The Ducks have out-rebounded every single team they’ve played this year, especially on the offensive side. Oregon has grabbed 55 offensive boards this year, compared to only 32 for their opponents. Once they capitalize on those extra chances, Oregon will be able to win the games they’re losing at this point in the season. It will start against a UConn team that averages just over 11.5 offensive rebounds per game, and if they can win that matchup they’ll be in a good position to make a run.
Why They Won’t: Pickpocketing has never been so easy.
If rebounds were the only statistic, Oregon might go undefeated. However, the extra chances they’re getting off the glass go to waste when they get the ball stolen so often. They’ve lost it 27 times in that manner, and Houston’s 13 show that a good team can and will exploit the lack of ball management to this point in the season. They need to keep possession of the ball to give themselves the best shot in this field.
Alabama Crimson Tide
Football season may not be over yet, but basketball is quickly becoming a favorite second sport for many in Tuscaloosa as Alabama is frequenting the basketball rankings now too. The Tide are 4-0 on the season including a 10-point victory on the road over in-state Sun Belt foe South Alabama, in which the lead was 20+ at times. The Crimson Tide are making the case to have the best tandem of sports programs, and a win in the PKI will certainly do a lot to cement that idea.
Why They’ll Win: They’ve got talent deep in the roster.
Alabama has nine different guys who are averaging more than ten minutes per game right now, and all of them contribute on the court. While there isn’t one player you could name as a superstar, face-of-the-roster-esque player, each player on the court is working great in tandem with their teammates. It’s a promising sign for Alabama as they look to return to the top of the SEC as in 2021.
Why They Won’t: They rely heavily on the triples.

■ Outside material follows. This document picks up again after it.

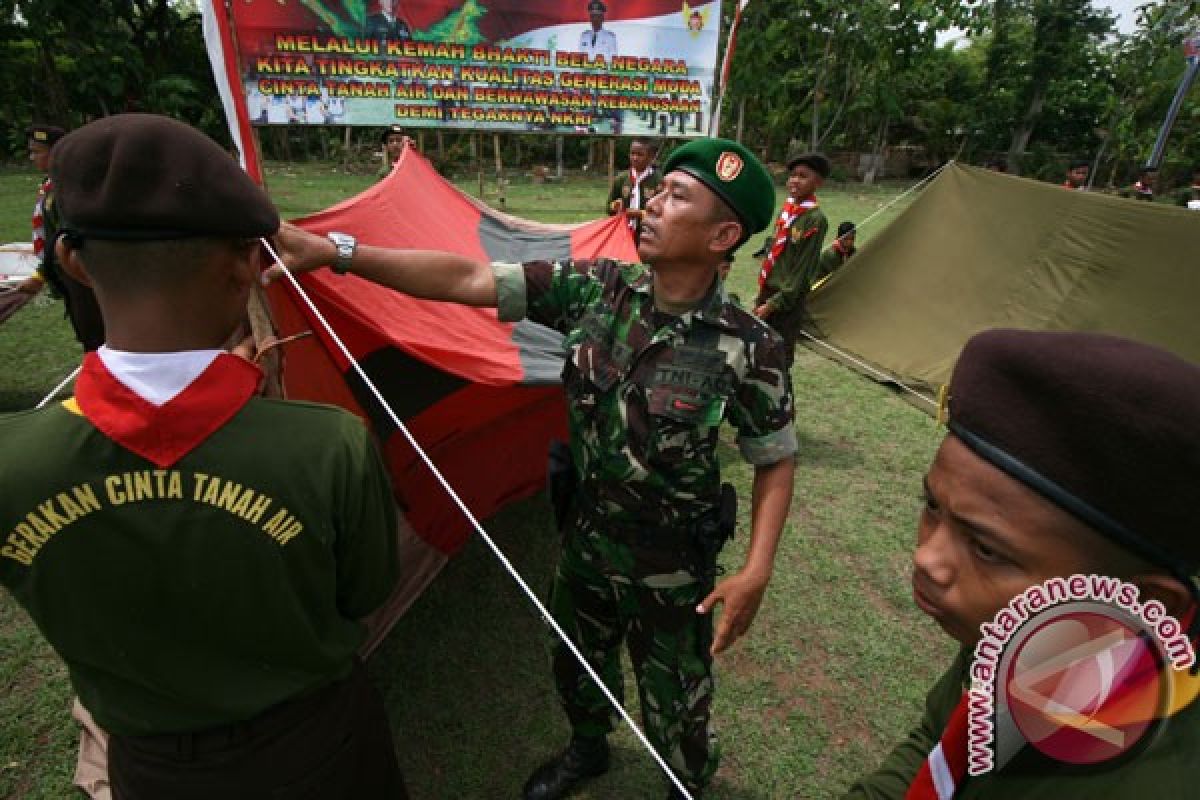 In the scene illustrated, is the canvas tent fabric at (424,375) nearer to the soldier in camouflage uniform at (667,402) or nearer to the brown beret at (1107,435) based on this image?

Alabama currently shoots the fourth-most threes per game, at just under 33 attempts each time out on the court. They’re shooting at a respectable 33% clip right now, but if they have an off day, especially in a tournament with good perimeter defenses, it’ll be hard for Alabama to match the offensive production they’re looking for. Brandon Miller is their clear-cut number one on the inside, but he doesn’t have the skills of the highest echelon of big men like Drew Timme or Oscar Tshiebwe. Watch for teams to try to shut down the ranged attack of the Crimson Tide this weekend.
Michigan State Spartans
Tom Izzo’s gauntlet isn’t quite over yet, and after going 2-1 against a slate of Gonzaga, Kentucky, and Villanova, he’s facing what is quite possibly three more top-25 teams, with the potential for top-ranked UNC at the end of it. As it is right now, Michigan State will need to keep playing high-level basketball if they want to justify their jump to #12 in the AP polls.
Why They’ll Win: They can get a hot night from anyone, and they can get the ball there.
Tyson Walker saved them against Villanova, Joey Hauser lit up the Wildcats from range, and Mady Sissoko held his own against Drew Timme on the aircraft carrier. Izzo’s veteran squad is talented on the entire floor, and with the team averaging 17.2 assists per game, they can get the ball to their hot hand. Any player on this team has the potential to pop off in a night, and that’s a big danger for opposing defenses and a nightmare to gameplan against. Izzo is great at finding that rhythm for his team and exploiting it against the defenses.
Why They Won’t: Their big men leave a lot to be desired.
Mady Sissoko has been stellar, no doubt, but beyond him there isn’t much to hold down the 5 position. He was the only one able to guard Drew Timme, and it showed in how much the team looked lost after he fouled out. He was able to stay in through two overtime periods against Kentucky when Oscar Tshiebwe wasn’t, and that’s why the Spartans won. But beyond Sissoko, the 5 is a question mark for MSU. Joey Hauser is not great on defense, especially against well-seasoned big men, and their freshmen Jaxon Kohler and Carson Cooper still have a ways to go before they fully adjust to the college level. If Sissoko gets into foul trouble, the team has a bad potential to become one-dimensional, which will make winning games against top squads immensely more difficult.